ACTION ITEM —
Please copy, exactly as they appear below, the lines from the one containing "Young woman with" through the one containing "Breakfast with an".

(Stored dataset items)
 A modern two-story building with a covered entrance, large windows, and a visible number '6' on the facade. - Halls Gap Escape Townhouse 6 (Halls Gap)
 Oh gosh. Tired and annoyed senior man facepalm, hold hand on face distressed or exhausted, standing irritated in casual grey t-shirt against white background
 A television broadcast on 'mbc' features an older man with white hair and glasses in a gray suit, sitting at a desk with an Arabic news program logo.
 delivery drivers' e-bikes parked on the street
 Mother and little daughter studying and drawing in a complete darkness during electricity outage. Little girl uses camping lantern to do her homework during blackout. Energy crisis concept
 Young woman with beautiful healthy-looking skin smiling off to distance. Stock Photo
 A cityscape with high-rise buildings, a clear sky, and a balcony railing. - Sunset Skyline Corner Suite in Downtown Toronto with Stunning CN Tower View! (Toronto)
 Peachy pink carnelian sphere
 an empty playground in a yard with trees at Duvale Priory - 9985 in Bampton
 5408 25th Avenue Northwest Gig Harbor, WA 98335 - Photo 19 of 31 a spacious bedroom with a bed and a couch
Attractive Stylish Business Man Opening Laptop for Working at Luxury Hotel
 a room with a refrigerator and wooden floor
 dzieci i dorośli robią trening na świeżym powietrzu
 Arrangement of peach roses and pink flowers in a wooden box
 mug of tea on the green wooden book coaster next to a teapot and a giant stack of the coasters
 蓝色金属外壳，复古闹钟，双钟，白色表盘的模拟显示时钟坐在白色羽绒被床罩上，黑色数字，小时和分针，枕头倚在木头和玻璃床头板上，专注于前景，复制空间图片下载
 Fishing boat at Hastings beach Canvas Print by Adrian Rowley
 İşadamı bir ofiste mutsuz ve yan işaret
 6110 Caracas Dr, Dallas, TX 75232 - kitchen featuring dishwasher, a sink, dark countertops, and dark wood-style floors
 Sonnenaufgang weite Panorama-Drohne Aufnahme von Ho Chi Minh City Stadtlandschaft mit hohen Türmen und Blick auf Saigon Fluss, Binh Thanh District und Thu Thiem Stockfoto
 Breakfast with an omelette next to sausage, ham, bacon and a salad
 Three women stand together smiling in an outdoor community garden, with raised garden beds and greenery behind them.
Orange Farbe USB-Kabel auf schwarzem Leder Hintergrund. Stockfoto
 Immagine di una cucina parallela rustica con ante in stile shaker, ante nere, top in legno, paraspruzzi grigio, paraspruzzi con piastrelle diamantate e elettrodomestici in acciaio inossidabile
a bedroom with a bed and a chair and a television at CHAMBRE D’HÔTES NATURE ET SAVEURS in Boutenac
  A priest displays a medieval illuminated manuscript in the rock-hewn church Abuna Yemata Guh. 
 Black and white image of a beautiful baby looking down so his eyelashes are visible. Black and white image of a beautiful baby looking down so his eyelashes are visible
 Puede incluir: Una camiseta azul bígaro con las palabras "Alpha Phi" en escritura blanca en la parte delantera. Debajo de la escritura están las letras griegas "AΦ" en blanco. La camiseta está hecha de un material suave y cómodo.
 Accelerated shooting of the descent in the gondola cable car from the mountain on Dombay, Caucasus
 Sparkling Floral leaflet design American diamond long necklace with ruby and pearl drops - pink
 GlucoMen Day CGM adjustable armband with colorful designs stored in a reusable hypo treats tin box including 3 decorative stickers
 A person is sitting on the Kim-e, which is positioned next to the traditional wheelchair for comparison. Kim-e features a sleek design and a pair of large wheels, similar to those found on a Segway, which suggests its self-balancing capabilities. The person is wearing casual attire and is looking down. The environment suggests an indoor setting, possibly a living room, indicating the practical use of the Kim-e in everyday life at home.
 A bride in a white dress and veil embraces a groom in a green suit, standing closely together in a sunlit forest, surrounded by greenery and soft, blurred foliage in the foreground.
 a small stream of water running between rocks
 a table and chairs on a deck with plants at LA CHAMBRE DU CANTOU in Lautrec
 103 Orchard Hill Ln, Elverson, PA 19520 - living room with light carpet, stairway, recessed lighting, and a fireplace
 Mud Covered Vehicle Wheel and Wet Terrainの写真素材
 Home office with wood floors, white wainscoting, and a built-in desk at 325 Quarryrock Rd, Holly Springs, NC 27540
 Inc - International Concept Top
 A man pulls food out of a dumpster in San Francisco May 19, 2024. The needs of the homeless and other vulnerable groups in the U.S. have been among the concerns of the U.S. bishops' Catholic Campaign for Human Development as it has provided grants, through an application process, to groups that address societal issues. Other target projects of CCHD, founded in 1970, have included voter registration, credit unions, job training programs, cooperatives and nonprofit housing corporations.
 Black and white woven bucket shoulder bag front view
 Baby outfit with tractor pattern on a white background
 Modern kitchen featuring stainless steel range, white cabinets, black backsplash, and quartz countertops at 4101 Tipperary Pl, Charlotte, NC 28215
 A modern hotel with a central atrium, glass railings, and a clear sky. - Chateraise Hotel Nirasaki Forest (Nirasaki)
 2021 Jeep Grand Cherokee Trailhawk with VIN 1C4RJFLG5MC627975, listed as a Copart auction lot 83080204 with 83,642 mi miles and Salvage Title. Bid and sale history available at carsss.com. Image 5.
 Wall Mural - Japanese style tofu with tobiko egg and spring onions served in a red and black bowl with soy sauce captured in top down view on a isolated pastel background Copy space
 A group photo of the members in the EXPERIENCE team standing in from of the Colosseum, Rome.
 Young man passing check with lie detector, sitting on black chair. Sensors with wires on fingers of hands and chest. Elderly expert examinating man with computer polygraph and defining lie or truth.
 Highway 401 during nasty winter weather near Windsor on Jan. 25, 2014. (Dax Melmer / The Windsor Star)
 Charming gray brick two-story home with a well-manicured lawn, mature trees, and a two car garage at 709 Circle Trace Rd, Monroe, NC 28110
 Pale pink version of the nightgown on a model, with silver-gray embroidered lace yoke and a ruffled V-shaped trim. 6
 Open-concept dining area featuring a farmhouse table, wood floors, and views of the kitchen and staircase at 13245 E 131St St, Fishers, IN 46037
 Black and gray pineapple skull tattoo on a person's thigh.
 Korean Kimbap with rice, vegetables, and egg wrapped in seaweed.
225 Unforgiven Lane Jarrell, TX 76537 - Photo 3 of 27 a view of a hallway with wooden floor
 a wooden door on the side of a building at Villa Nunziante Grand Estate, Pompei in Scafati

WRITTEN ANSWER —
 Young woman with beautiful healthy-looking skin smiling off to distance. Stock Photo
 A cityscape with high-rise buildings, a clear sky, and a balcony railing. - Sunset Skyline Corner Suite in Downtown Toronto with Stunning CN Tower View! (Toronto)
 Peachy pink carnelian sphere
 an empty playground in a yard with trees at Duvale Priory - 9985 in Bampton
 5408 25th Avenue Northwest Gig Harbor, WA 98335 - Photo 19 of 31 a spacious bedroom with a bed and a couch
Attractive Stylish Business Man Opening Laptop for Working at Luxury Hotel
 a room with a refrigerator and wooden floor
 dzieci i dorośli robią trening na świeżym powietrzu
 Arrangement of peach roses and pink flowers in a wooden box
 mug of tea on the green wooden book coaster next to a teapot and a giant stack of the coasters
 蓝色金属外壳，复古闹钟，双钟，白色表盘的模拟显示时钟坐在白色羽绒被床罩上，黑色数字，小时和分针，枕头倚在木头和玻璃床头板上，专注于前景，复制空间图片下载
 Fishing boat at Hastings beach Canvas Print by Adrian Rowley
 İşadamı bir ofiste mutsuz ve yan işaret
 6110 Caracas Dr, Dallas, TX 75232 - kitchen featuring dishwasher, a sink, dark countertops, and dark wood-style floors
 Sonnenaufgang weite Panorama-Drohne Aufnahme von Ho Chi Minh City Stadtlandschaft mit hohen Türmen und Blick auf Saigon Fluss, Binh Thanh District und Thu Thiem Stockfoto
 Breakfast with an omelette next to sausage, ham, bacon and a salad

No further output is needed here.